While on the ground in Jakarta, Williamson joined in with two coaching sessions which were being held on the pitch which had been purpose built by Arsenal.
“To have an hour each day having such a great time with the girls, without speaking the same language, was a highlight for me,” she said.
It was during these sessions that Williamson first met Diah, a 14-year-old whose story left a lasting impression on the Arsenal and England star.
Having struck up a connection on the football pitch, Williamson then visited the teenager’s house to find out more about her way of life.
She learnt that Diah’s father left while she was still very young and now she has to provide for her family, selling snacks from a kiosk she has opened outside her house each night.
“She wakes up in the morning early to get the snacks to sell on her stall after school,” said Williamson. “She works to support her family, but also finds time to go and play football because she knows how good it is.
“On top of that she’s appealing for children’s rights and is trying to raise awareness about child labour to the deputy minister of the area.
“I just sat there listening to her thinking, 'how is this child capable of being so amazing?' Then after I left someone told me she actually baby sits in the evening as well to earn money.
“She’s 14 and has the weight of the world on her shoulders trying to support her family.”
Williamson added: “I met her the first day, she came to play on the pitch.

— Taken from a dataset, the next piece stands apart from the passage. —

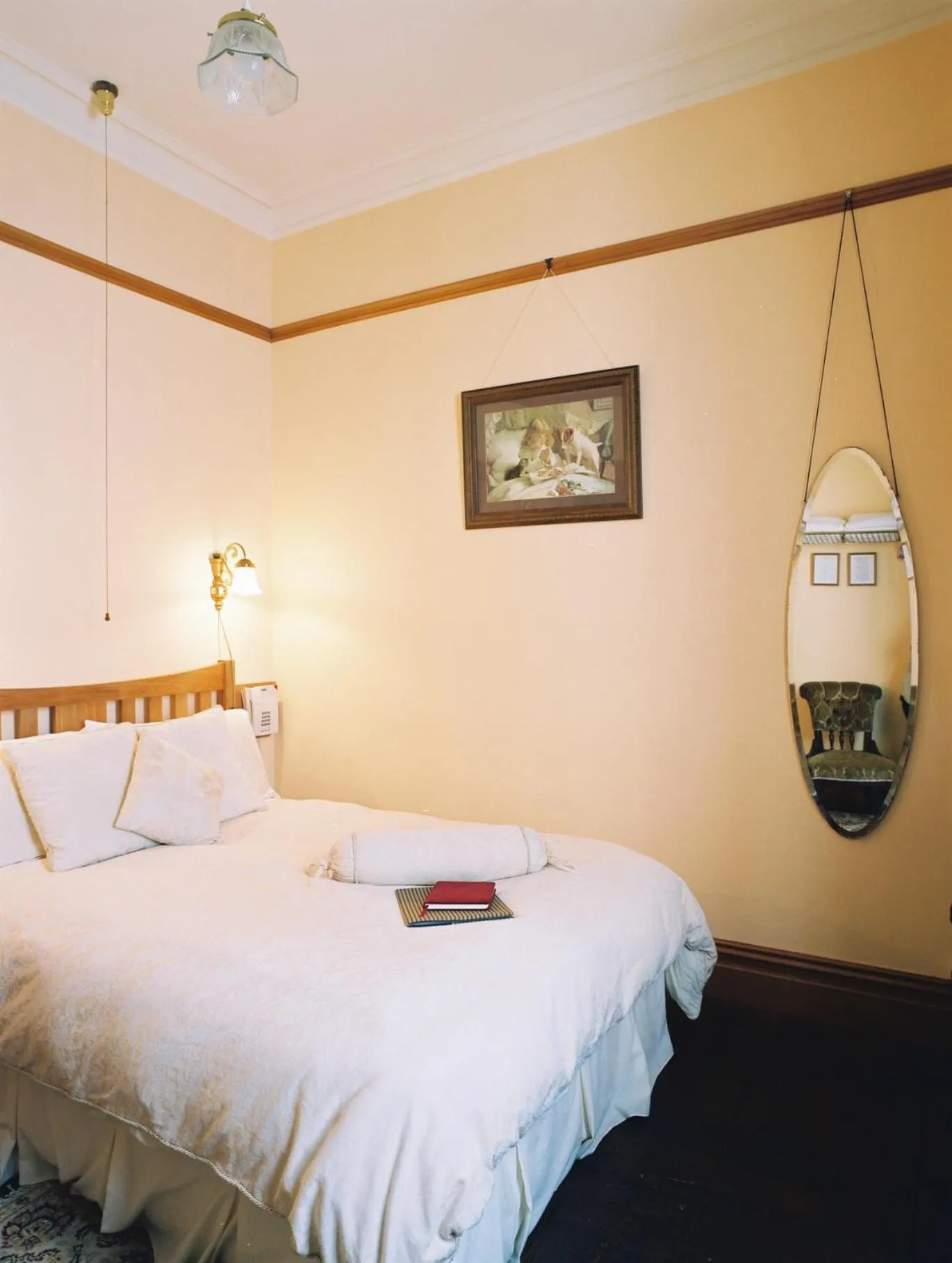 Bed in Braemar On Parliament St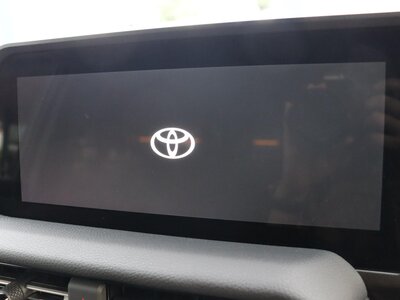 صورة 63 لـ 2024 Toyota LAND CRUISER 250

That’s when I saw what she should be all the time, just being a kid having fun. When I spoke to her in her house I saw the vulnerable side of her that makes me so glad that Save the Children and the Arsenal Foundation are supporting her, because she does need it.
“You see on the pitch what the project is bringing out of her. It’s letting her just be a kid again. It’s an escape from her life back at home.
“She loves her family and she’s aware of how hard her circumstances are. She’s tired all the time, but the fact that she still turns up at the project every week and that she loves it so much, shows how much she is benefitting from it as well.”